| Work to complete |
Reproduce the records that follow without alteration, apart from removing the pictures.

| Records for the task |
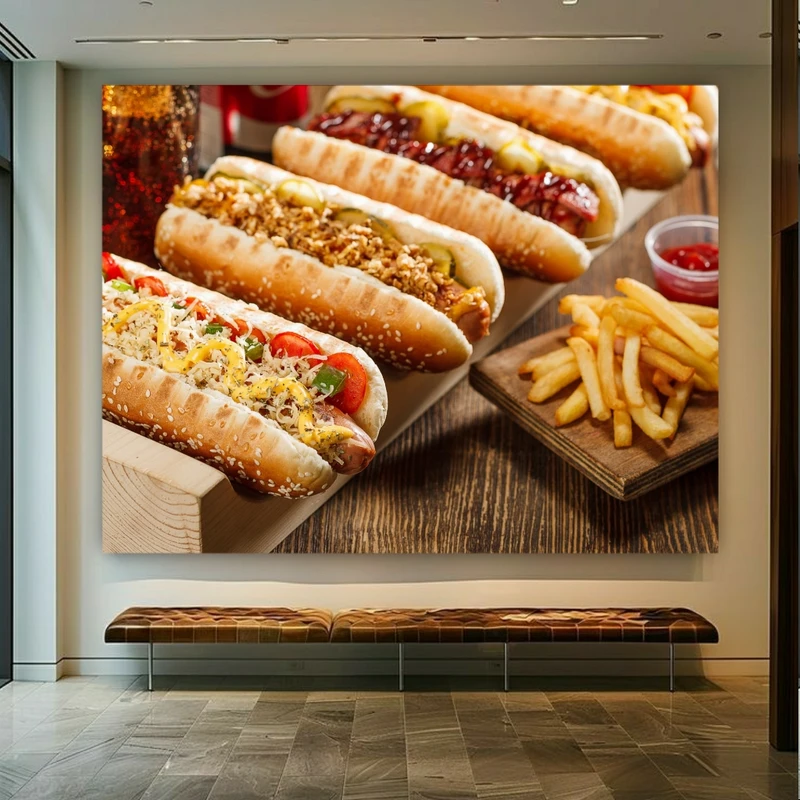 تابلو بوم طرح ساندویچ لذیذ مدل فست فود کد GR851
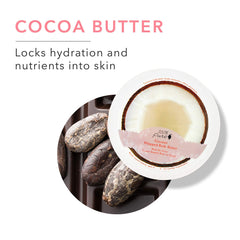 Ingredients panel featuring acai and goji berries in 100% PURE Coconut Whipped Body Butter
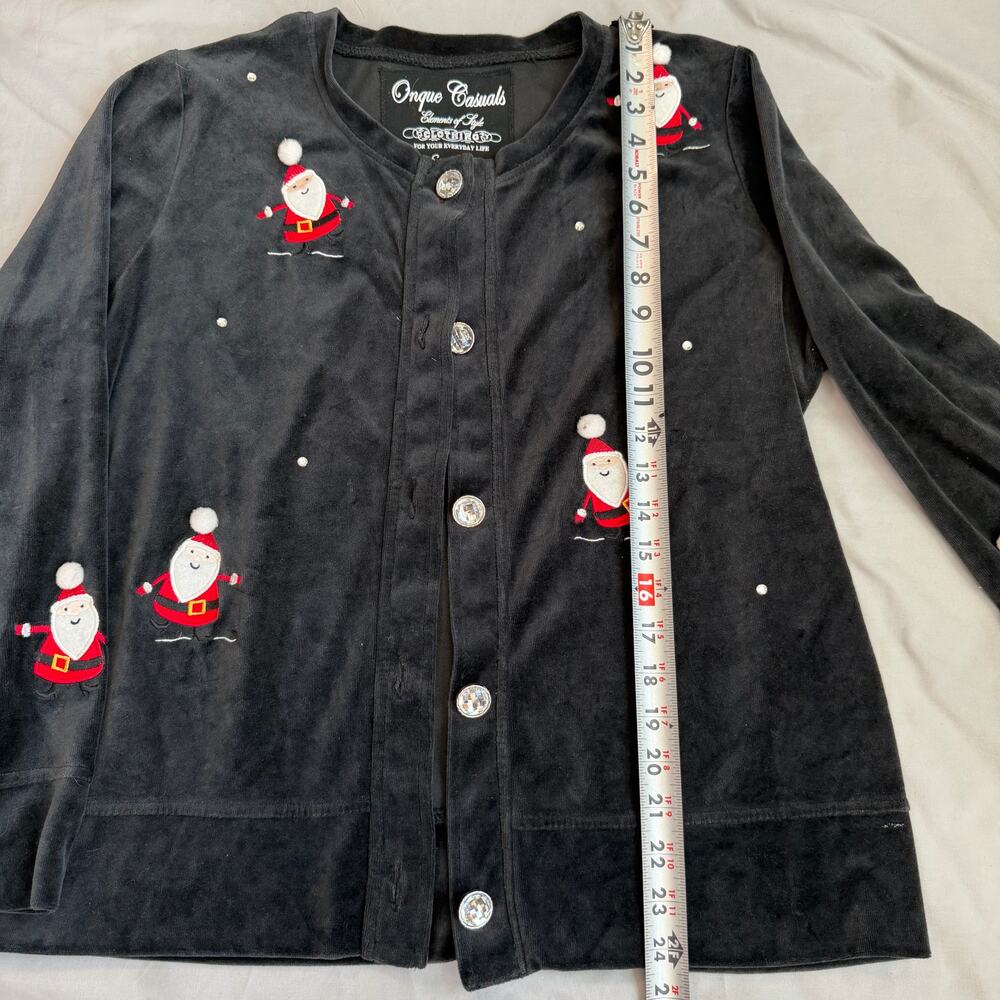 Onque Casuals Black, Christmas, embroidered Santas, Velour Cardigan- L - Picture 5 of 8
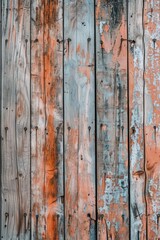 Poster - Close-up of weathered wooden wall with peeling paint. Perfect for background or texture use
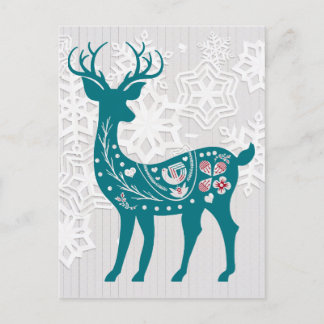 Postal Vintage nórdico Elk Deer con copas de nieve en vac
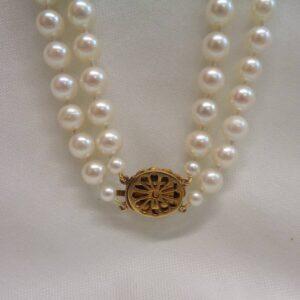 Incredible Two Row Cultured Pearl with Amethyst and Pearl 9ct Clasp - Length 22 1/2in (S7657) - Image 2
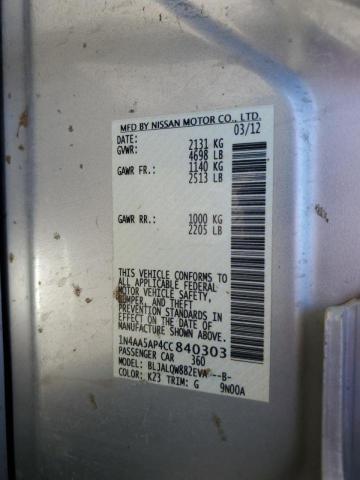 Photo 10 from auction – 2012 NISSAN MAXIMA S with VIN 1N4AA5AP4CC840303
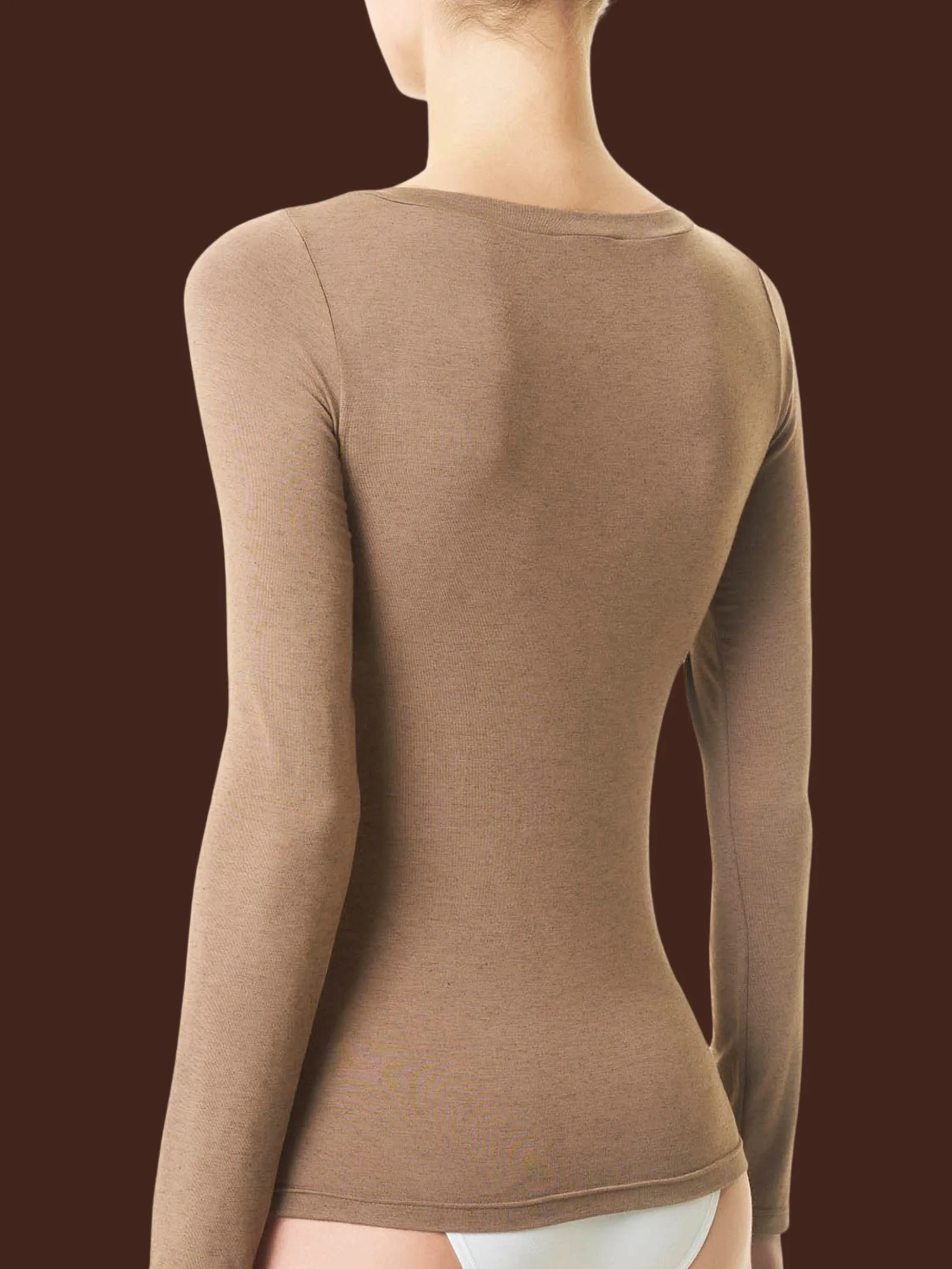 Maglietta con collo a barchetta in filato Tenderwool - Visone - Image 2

| Solution to the exercise |
 تابلو بوم طرح ساندویچ لذیذ مدل فست فود کد GR851
 Ingredients panel featuring acai and goji berries in 100% PURE Coconut Whipped Body Butter
 Onque Casuals Black, Christmas, embroidered Santas, Velour Cardigan- L - Picture 5 of 8
 Poster - Close-up of weathered wooden wall with peeling paint. Perfect for background or texture use
 Postal Vintage nórdico Elk Deer con copas de nieve en vac
 Incredible Two Row Cultured Pearl with Amethyst and Pearl 9ct Clasp - Length 22 1/2in (S7657) - Image 2
 Photo 10 from auction – 2012 NISSAN MAXIMA S with VIN 1N4AA5AP4CC840303
 Maglietta con collo a barchetta in filato Tenderwool - Visone - Image 2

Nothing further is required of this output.